* _Directions_: Repeat the records word for word, excluding any picture.

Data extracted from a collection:
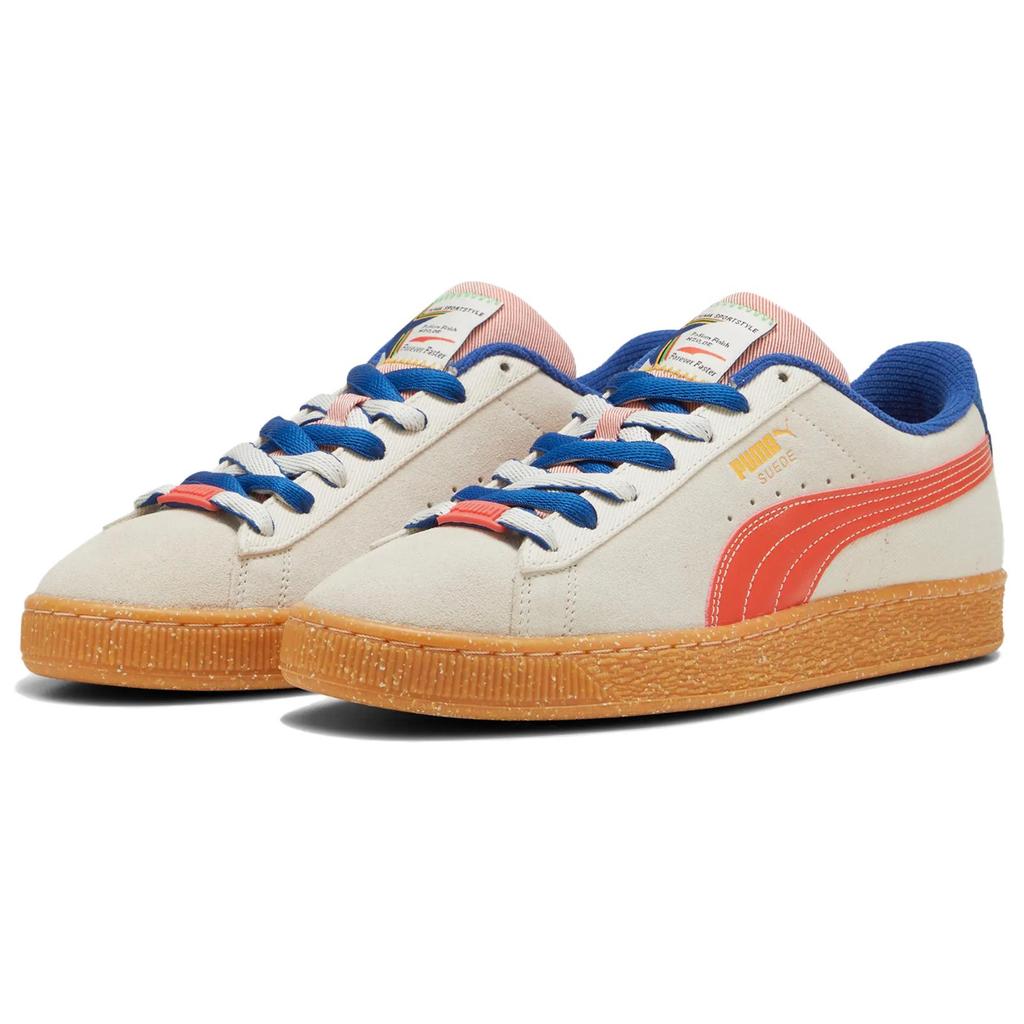 Puma Ténis Unisex Podium Camurça Creme Alpine-Snow Gum 398399-01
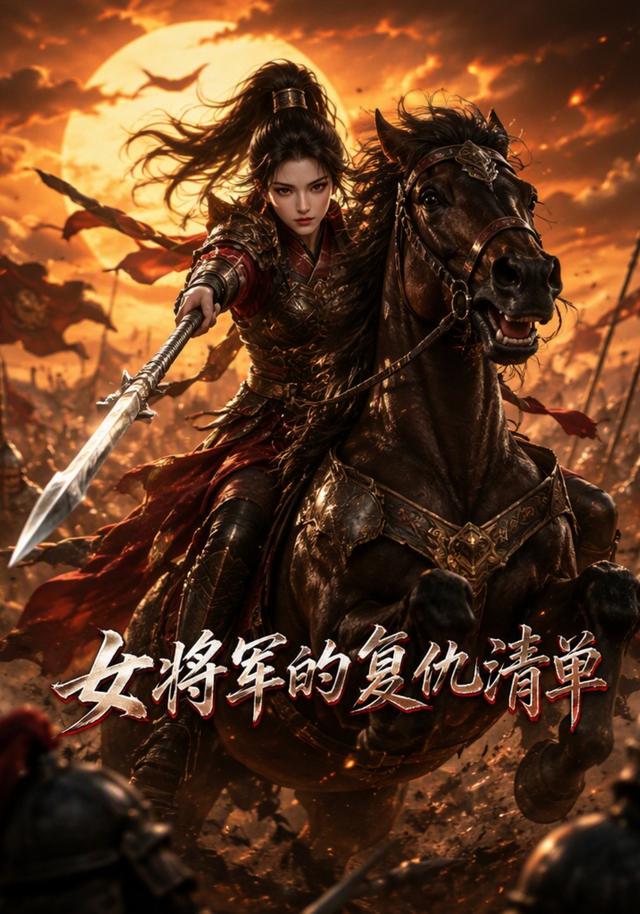 女将军的复仇清单 cover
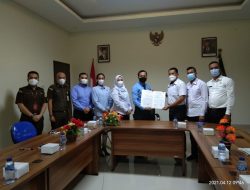 Pulihkan Pajak Daerah, BP2RD Muba Serahkan SKK ke Kejari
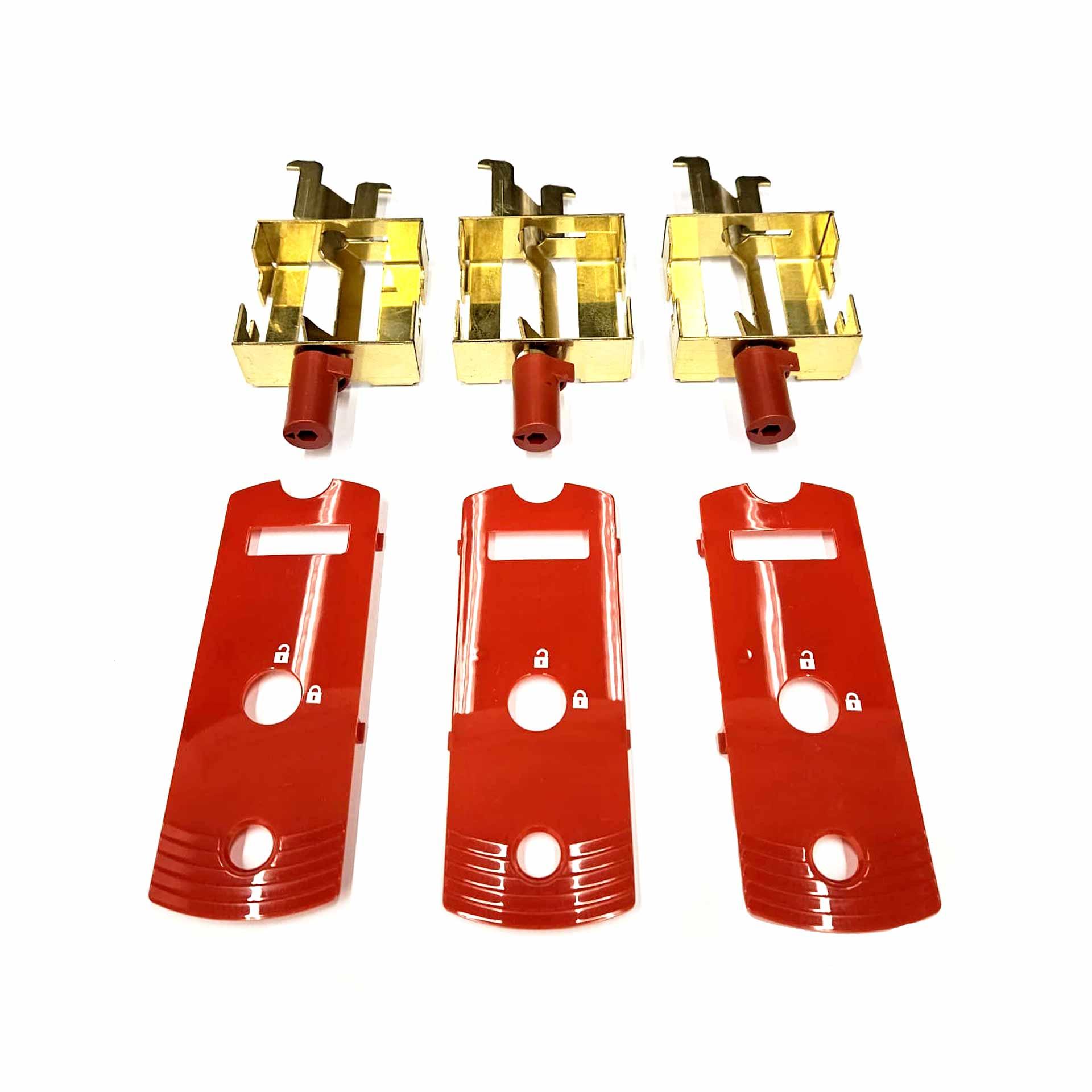 Verrouillage E³ 1000A, set de 3 pièces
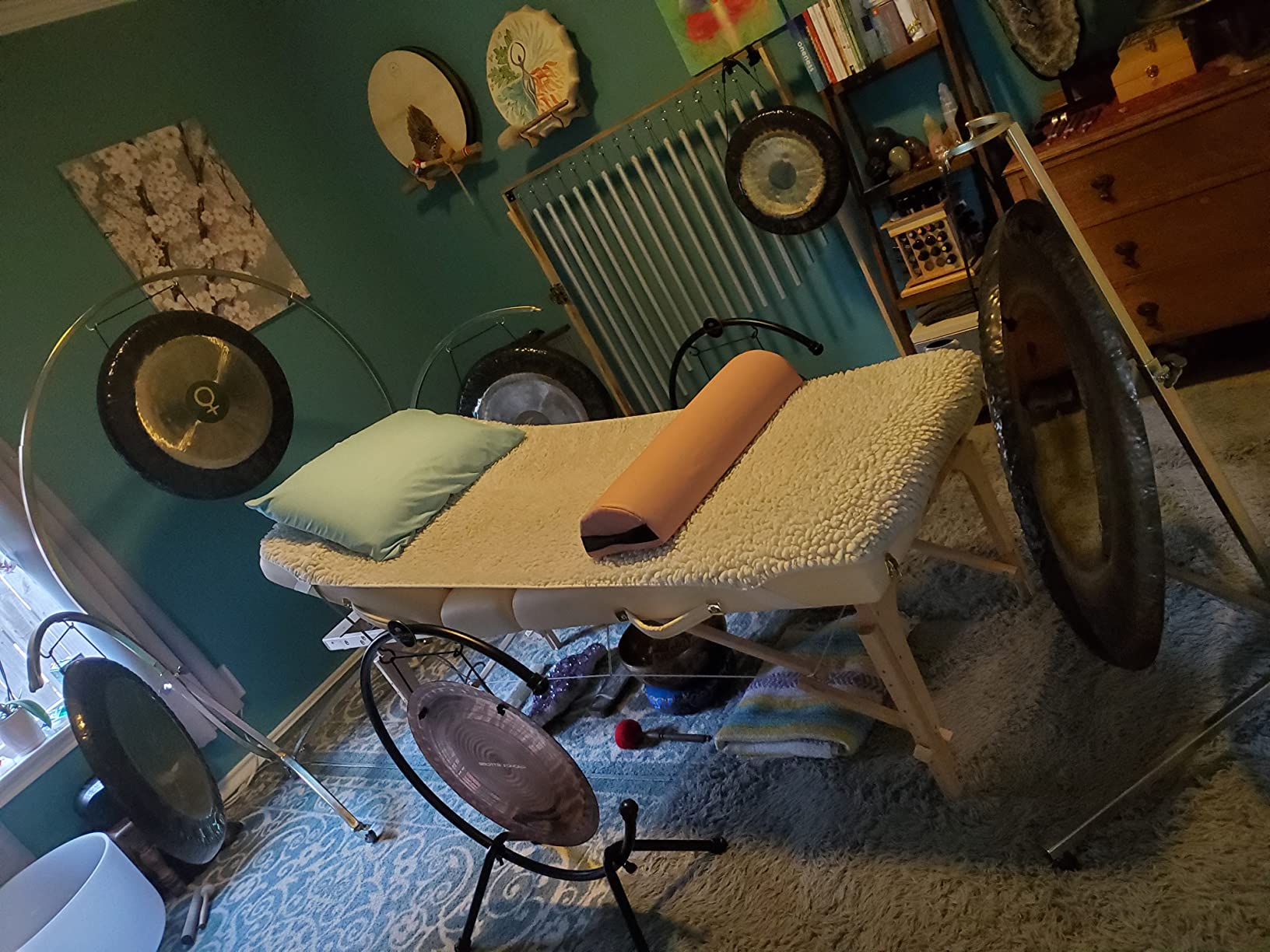 36/mo Finance EARTHLITE Portable Massage Table Package AVALON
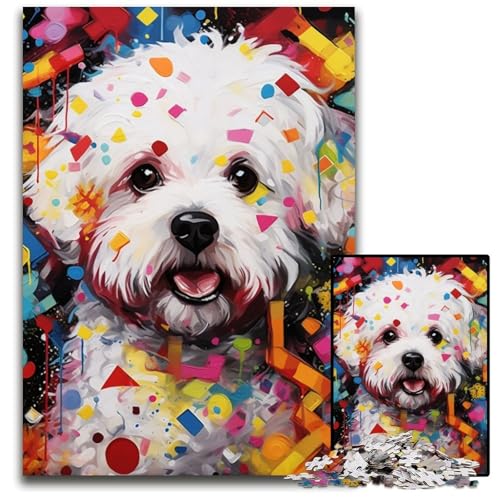 Puzzle für Erwachsene, 1000 Teile, schwarzer Leopard, Kartonpuzzle, pädagogisches Denkspiel, künstlerische Heim- und Bürodekoration, ab 14 Jahren, 26x38cm/10,23x14,96 Zoll von LiJianXXE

* _Written answer_:
 Puma Ténis Unisex Podium Camurça Creme Alpine-Snow Gum 398399-01
 女将军的复仇清单 cover
 Pulihkan Pajak Daerah, BP2RD Muba Serahkan SKK ke Kejari
 Verrouillage E³ 1000A, set de 3 pièces
 36/mo Finance EARTHLITE Portable Massage Table Package AVALON
 Puzzle für Erwachsene, 1000 Teile, schwarzer Leopard, Kartonpuzzle, pädagogisches Denkspiel, künstlerische Heim- und Bürodekoration, ab 14 Jahren, 26x38cm/10,23x14,96 Zoll von LiJianXXE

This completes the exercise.